Image-text web data

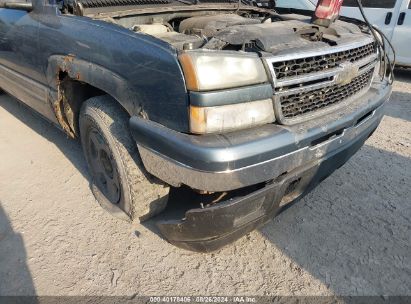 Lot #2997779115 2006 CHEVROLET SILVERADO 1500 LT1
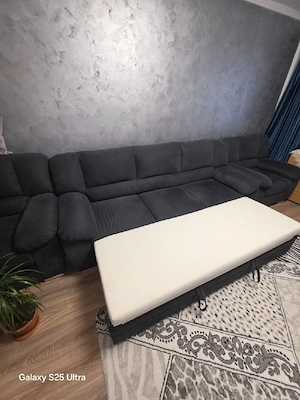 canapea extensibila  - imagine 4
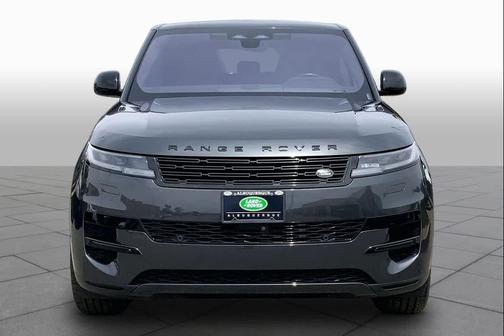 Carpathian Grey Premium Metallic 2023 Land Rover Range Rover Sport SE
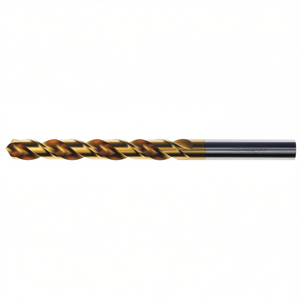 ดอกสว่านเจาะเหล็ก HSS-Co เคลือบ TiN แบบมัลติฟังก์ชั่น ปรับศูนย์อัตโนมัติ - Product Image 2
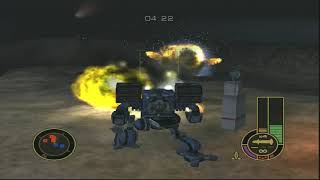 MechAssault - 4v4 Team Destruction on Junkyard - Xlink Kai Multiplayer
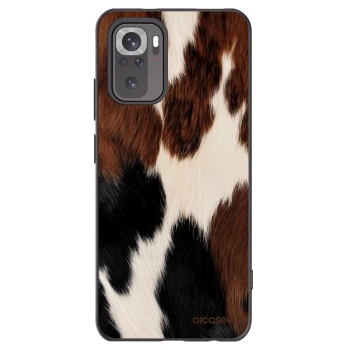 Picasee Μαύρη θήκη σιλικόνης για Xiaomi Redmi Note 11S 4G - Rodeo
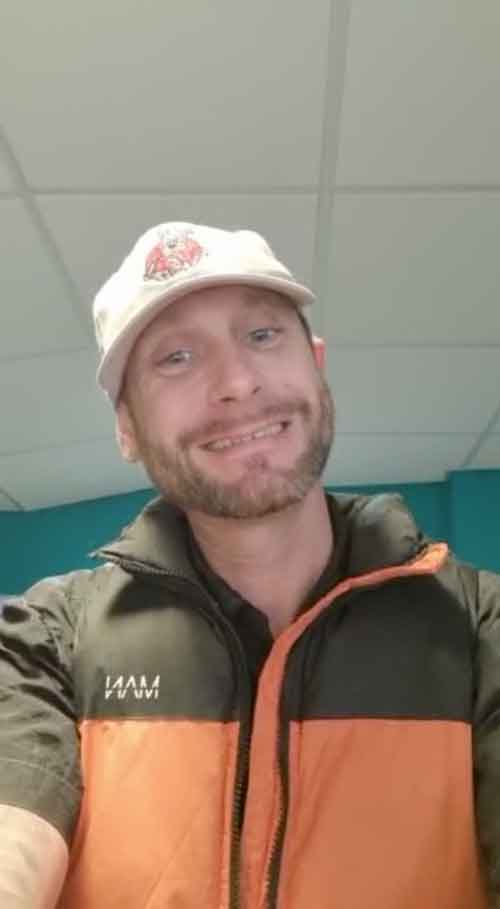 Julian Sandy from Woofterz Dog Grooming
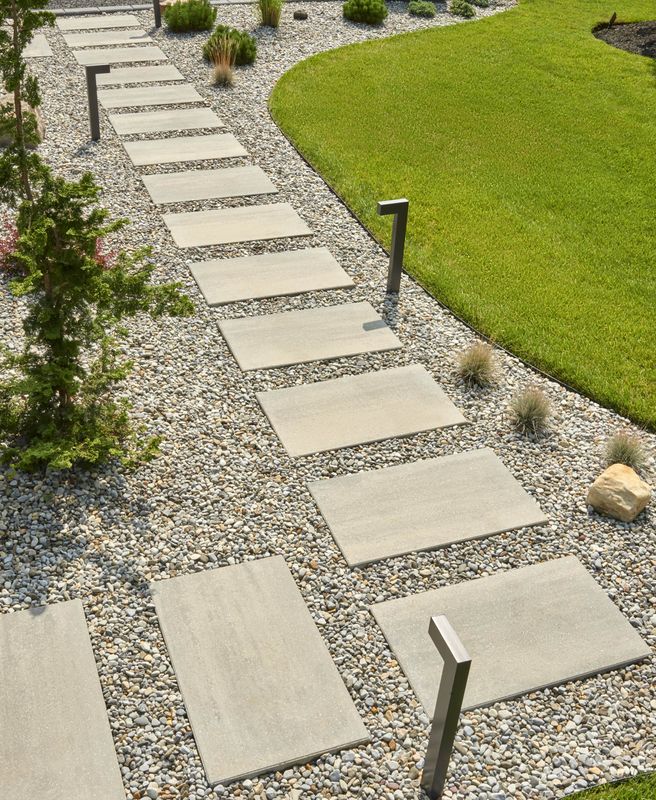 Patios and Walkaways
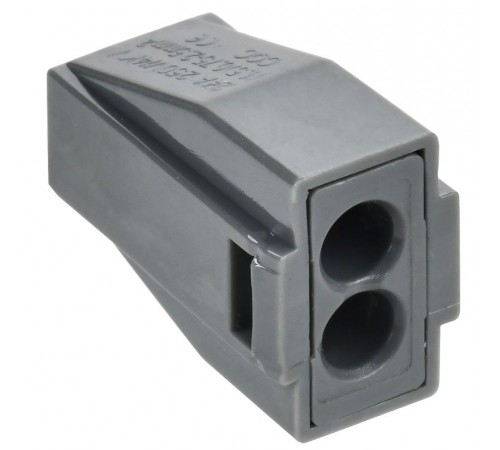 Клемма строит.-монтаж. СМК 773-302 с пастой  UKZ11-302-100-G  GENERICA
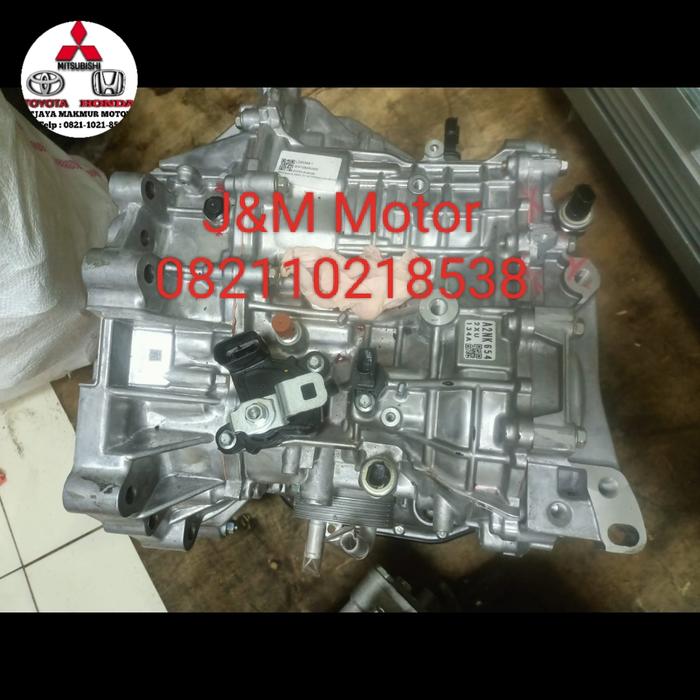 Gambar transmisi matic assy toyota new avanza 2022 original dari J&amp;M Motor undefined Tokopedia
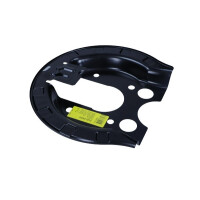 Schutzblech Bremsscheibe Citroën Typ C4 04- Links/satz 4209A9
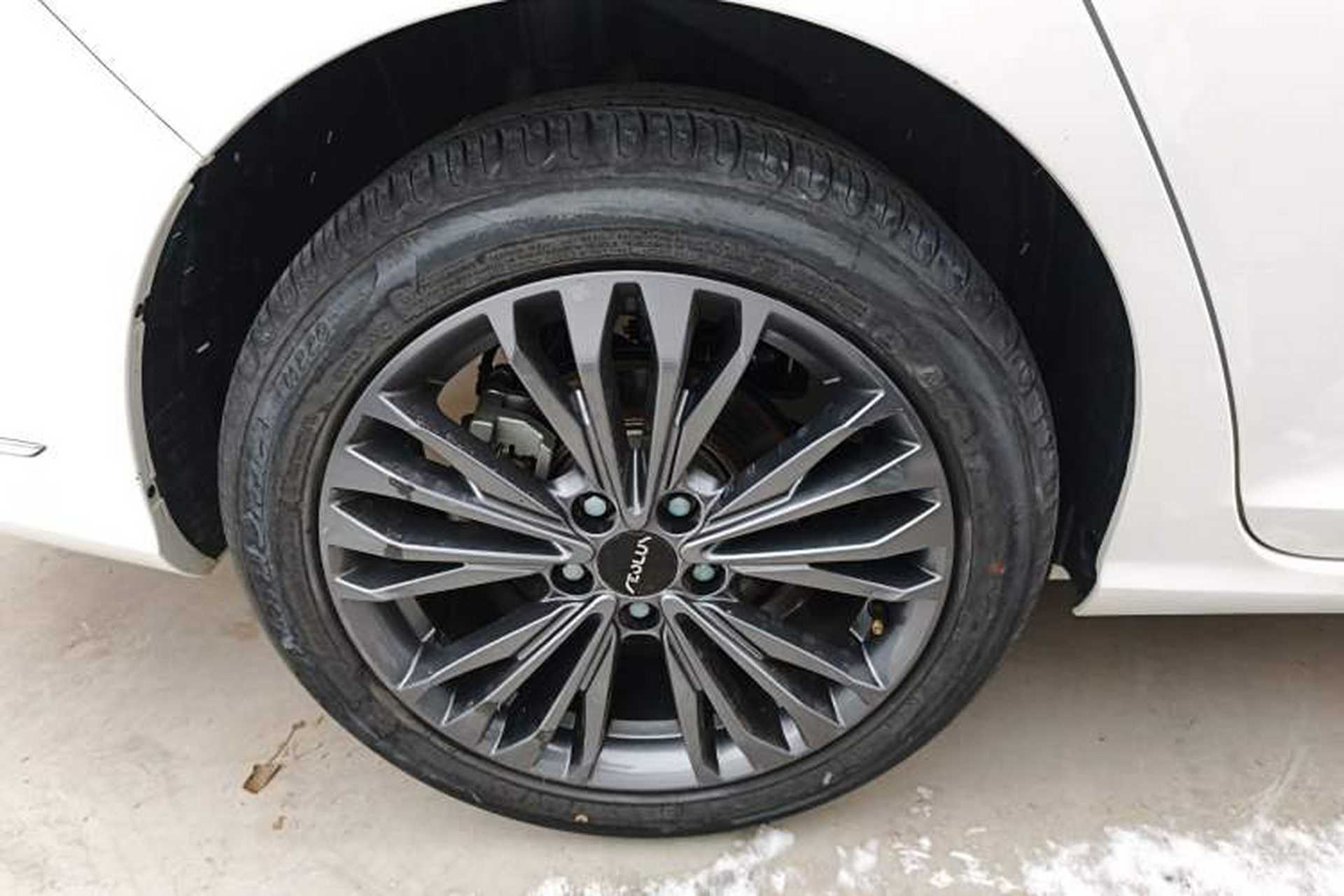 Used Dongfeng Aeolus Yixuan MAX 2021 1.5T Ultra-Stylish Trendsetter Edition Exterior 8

TASK ITEM: Every record gets retyped exactly; no picture goes into the copy.

EXERCISE ANSWER:
 Lot #2997779115 2006 CHEVROLET SILVERADO 1500 LT1
 canapea extensibila  - imagine 4
 Carpathian Grey Premium Metallic 2023 Land Rover Range Rover Sport SE
 ดอกสว่านเจาะเหล็ก HSS-Co เคลือบ TiN แบบมัลติฟังก์ชั่น ปรับศูนย์อัตโนมัติ - Product Image 2
 MechAssault - 4v4 Team Destruction on Junkyard - Xlink Kai Multiplayer
 Picasee Μαύρη θήκη σιλικόνης για Xiaomi Redmi Note 11S 4G - Rodeo
 Julian Sandy from Woofterz Dog Grooming
 Patios and Walkaways
 Клемма строит.-монтаж. СМК 773-302 с пастой  UKZ11-302-100-G  GENERICA
 Gambar transmisi matic assy toyota new avanza 2022 original dari J&amp;M Motor undefined Tokopedia
 Schutzblech Bremsscheibe Citroën Typ C4 04- Links/satz 4209A9
 Used Dongfeng Aeolus Yixuan MAX 2021 1.5T Ultra-Stylish Trendsetter Edition Exterior 8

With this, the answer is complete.